Comment reconnaître un “bon” voyant

RAPPEL! Aussi honnête qu’il soit, le voyant, le vrai, peut échouer quand il subit un test cherchant à prouver ses facultés. La divination n’étant pas assujettie à la volonté, c’est uniquement le « don » (faculté immatérielle) qui différencie le vrai du faux.

Comment séparer le bon grain de l’ivraie?

Il semble que pour la compréhension et la pratique des Arts Divinatoires quant aux personnes qui les consultent, la voyance, la médiumnité, la tarologie etc... Relèvent d’un phénomène conjectural et de ce fait ne peuvent faire l’objet d’aucune certitude. Par conséquent, tous les professionnels qui affirment donner des dates précises quant à la réalisation d’un événement ne peuvent être que mensongers, et ces mêmes professionnels pourraient être poursuivis, dans certains cas, pour la non-réalisation de la prédiction. Le voyant ou le tarologue n’étant pas tenus à une obligation de résultats, le client peut exiger un remboursement quand un praticien lui affirme avec certitude la réalisation de ses prédictions. Le voyant est uniquement là pour guider son consultant dans sa situation présente, soutenir, redonner espoir face aux difficultés qu’il a « perçues» dans sa vision. Cette vision va lui permettre de redonner force et courage à son consultant, une énergie accrue et un dynamisme renouvelé pour mener à bien la conduite de sa vie. On voit donc que le rôle du professionnel honnête et consciencieux est un rôle éminemment social. Et c’est bien parce que les professionnels de la voyance touchent au fait social, que certains d’entre eux s’infiltrent dans ce milieu, rentable et mal protégé. De multiples affairistes, ces commerçants trafiquants de la détresse humaine, officient sans vergogne. Très souvent organisés en véritables industries, ils organisent des réseaux téléphoniques, en plus de leurs publicités mensongères et tapageuses, piégeant ainsi personnes âgées, femmes seules, hommes et femmes perturbés en proie à une misère morale qui les fait se raccrocher à n’importe quel «Maître», «Voyant du siècle», «Mage de pacotille », tous habiles charlatans aux honoraires extravagants. ..

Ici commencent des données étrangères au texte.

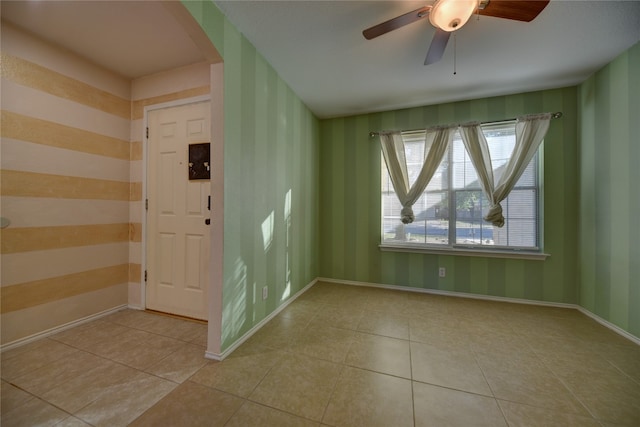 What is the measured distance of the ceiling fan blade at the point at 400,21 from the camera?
136 cm

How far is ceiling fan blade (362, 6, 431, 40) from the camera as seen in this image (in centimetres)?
136

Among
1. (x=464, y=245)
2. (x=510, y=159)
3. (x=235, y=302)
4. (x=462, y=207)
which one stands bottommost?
(x=235, y=302)

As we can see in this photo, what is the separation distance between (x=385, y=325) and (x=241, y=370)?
4.41 feet

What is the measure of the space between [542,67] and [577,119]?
0.88 metres

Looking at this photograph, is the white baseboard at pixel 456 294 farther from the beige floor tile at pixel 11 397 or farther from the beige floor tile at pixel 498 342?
the beige floor tile at pixel 11 397

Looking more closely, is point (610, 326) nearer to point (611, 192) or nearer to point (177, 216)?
point (611, 192)

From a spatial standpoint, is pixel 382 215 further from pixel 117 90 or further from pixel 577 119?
pixel 117 90

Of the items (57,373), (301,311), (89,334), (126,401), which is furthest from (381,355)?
(89,334)

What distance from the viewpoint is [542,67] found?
2.28m

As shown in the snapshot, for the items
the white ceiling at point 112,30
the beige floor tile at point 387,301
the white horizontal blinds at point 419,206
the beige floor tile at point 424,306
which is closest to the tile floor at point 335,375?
the beige floor tile at point 424,306

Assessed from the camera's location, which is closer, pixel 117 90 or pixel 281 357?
pixel 281 357

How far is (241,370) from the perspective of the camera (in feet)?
5.18

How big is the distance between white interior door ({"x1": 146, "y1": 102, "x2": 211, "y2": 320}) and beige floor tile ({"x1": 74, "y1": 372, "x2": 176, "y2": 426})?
0.82m

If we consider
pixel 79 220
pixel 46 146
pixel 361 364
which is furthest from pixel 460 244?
pixel 46 146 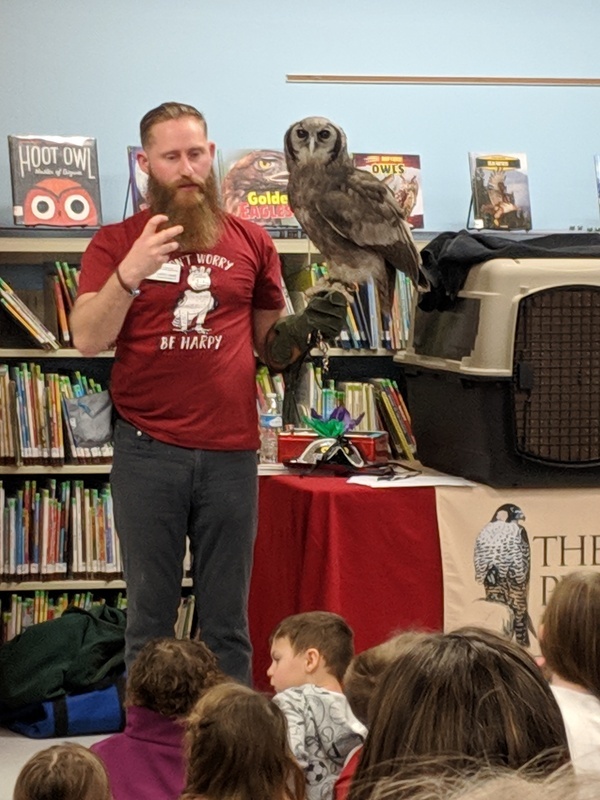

Le bon voyant, c’est celui dont les critères de sérieux, de moralité et de compétence sont au-dessus de tout soupçon. En premier lieu, il ne parle pas de lui pour faire durer la consultation: Il respecte la vie privée de son client et s’interdit de la divulguer à son entourage, même le plus intime. Secret professionnel oblige. Le bon voyant informe son client sur ses honoraires, sur la durée de la consultation et le support utilisé. Le bon voyant ne vous débite pas des généralités flattant votre ego et ne vous extorque pas des détails concernant votre vie privée, détails qu’il s’empressera d’enjoliver et qui lui serviront de canevas pour sa consultation. ..

Et les anges gardiens?

Le bon voyant ne se targue pas auprès de sa clientèle de ses conversations privilégiées avec des «anges gardiens ou guides » avec lesquels il est censé dialoguer à tout bout de champ. Il en est de même avec les « disparus » dont il prétend avec un spiritisme fabriqué consoler les familles endeuillées. Ce processus risque de mettre les consultants sous la dépendance du «praticien». Le bon voyant, c’est celui qui vous révèle, sans vous poser de question, le but de votre appel au téléphone. C’est celui qui vous dévoile des événements passés, présents, et l’état actuel de votre situation en difficulté, qui fait l’objet de votre sollicitation. Le client vient chercher près du voyant un éclairage; son libre-arbitre, toujours intact, choisira la meilleure voie. C’est cela la bonne voyance. Enfin, le consultant doit savoir que les «diplômes», «certificats» et autres distinctions «es qualités » dont le voyant pourrait tapisser les murs de son cabinet n’ont aucune valeur.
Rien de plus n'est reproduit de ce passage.